ABSynthesis

POST api.scientificmicroservices.com/absynthesis

Analyze and combine results of AB experiments

ABSynthesis takes the results of an experiment or set of experiments and tests for a significant difference between the two groups.

The difference (uplift) between the two groups is returned, along with a value showing how believable the difference is (p-value).

See the full documentation to understand the required input format.

Graph of two distributions made up of different experiments.
Example usage in terminal


curl -H "email:YOUR_EMAIL" \
-H "key:YOUR_KEY" \
-H "Content-Type: application/json" \
--request POST \
--data '[{"successes_base":10,"trials_base":50,"successes_variant":15,"trials_variant":70},
{"successes_base":15,"trials_base":60,"successes_variant":25,"trials_variant":80},
{"successes_base":30,"trials_base":80,"successes_variant":65,"trials_variant":90},
{"successes_base":50,"trials_base":90,"successes_variant":90,"trials_variant":150},
{"successes_base":100,"trials_base":500,"successes_variant":200,"trials_variant":500}]' \
https://api.scientificmicroservices.com/absynthesis

  
> {"uplift":[0.3779],"p_value":[0.0031]}

Use the ABSynthesis API endpoint at api.scientificmicroservices.com/absynthesis to tell me whether there is a difference between the versions of my project. Here is the json of my results: 

[{"successes_base":10,"trials_base":50,"successes_variant":15,"trials_variant":70},{"successes_base":15,"trials_base":60,"successes_variant":25,"trials_variant":80},{"successes_base":30,"trials_base":80,"successes_variant":65,"trials_variant":90},{"successes_base":50,"trials_base":90,"successes_variant":90,"trials_variant":150},{"successes_base":100,"trials_base":500,"successes_variant":200,"trials_variant":500}] 

My key is [YOUR KEY], and the email to use is [YOUR_EMAIL]



import json
import requests

headers = {
    'email': YOUR_EMAIL,
    'key': YOUR_KEY,
    'Content-Type': 'application/json'
}

url_absynthesis = "https://api.scientificmicroservices.com/absynthesis"

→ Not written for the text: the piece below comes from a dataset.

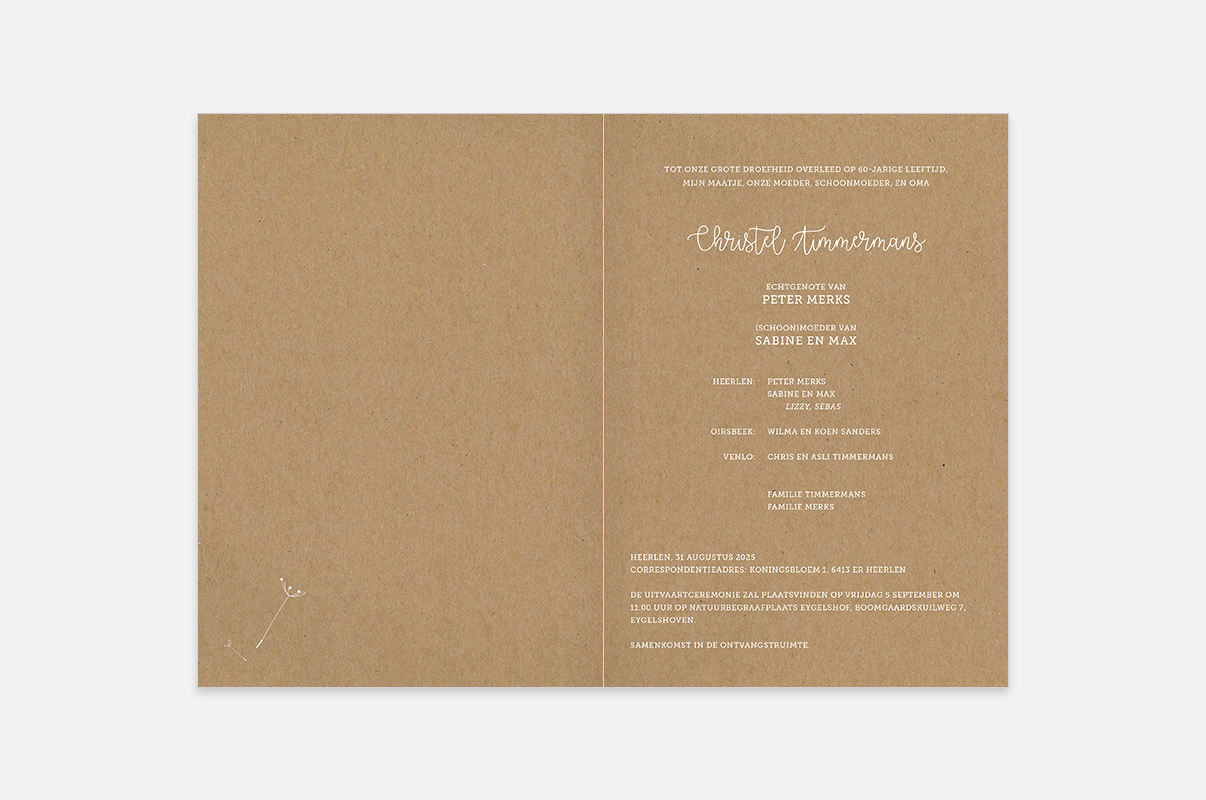  Lortye RK Rouwbrief Dandelion Kraft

successes_base = [10, 15, 30, 50, 100]
trials_base = [50, 60, 80, 90, 500]
sucesses_variant = [15, 25, 65, 90, 200]
trials_variant = [70, 80, 90, 150, 500]

sample_data_ab = [
    {
        "successes_base": sb,
        "trials_base": tb,
        "sucesses_variant": sv,
        "trials_variant": tv
    }
    for sb, tb, sv, tv in zip(successes_base, trials_base, sucesses_variant, trials_variant)
]

response = requests.post(url_absynthesis, headers=headers, json=sample_data_ab)

uplift = response.json()
print(uplift)



library(jsonlite)
library(httr)

url <- "https://api.scientificmicroservices.com/absynthesis"

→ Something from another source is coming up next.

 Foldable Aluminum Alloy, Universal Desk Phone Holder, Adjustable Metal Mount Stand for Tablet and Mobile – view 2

sample_data <- data.frame(
    "successes_base"= c(10 , 15 , 30 , 50 , 100),
    "trials_base" = c(50 , 60 , 80 , 90 , 500),
    "sucesses_variant" = c(15 , 25,  65,  90, 200),
    "trials_variant" = c(70 , 80 , 90 ,150, 500))

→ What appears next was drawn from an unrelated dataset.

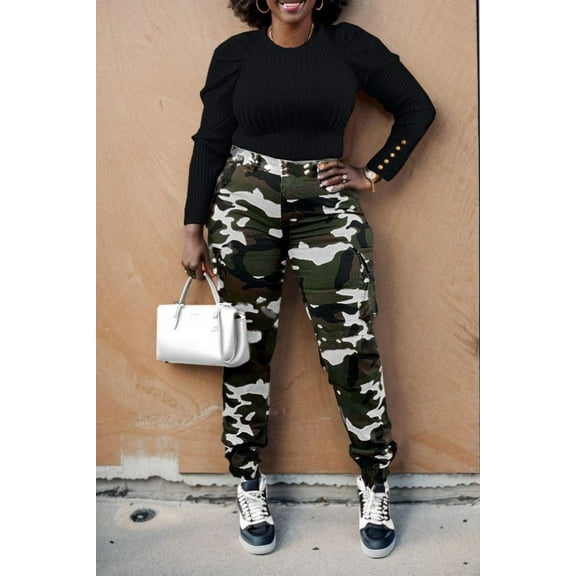 Camo Print Flap Pocket Cargo Pants (S, MultiBlack)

sample_json <- toJSON(sample_data)
response <- POST(
  url = url,
  add_headers(  'email'= YOUR_EMAIL,
                'key' = YOUR_KEY,
                'Content-Type' = 'application/json'
  ),
  body = sample_json,
  encode = "json"
)

uplift <- fromJSON(content(response, as = 'text'))
print(uplift)


Input types allowed
Graphic showing that input types allowed are strings, numbers, single list only
Response fields
uplift The percentage improvement in 'successes' between the two groups
p_value The level to which the uplift value can be trusted, with 0 being completely trustable.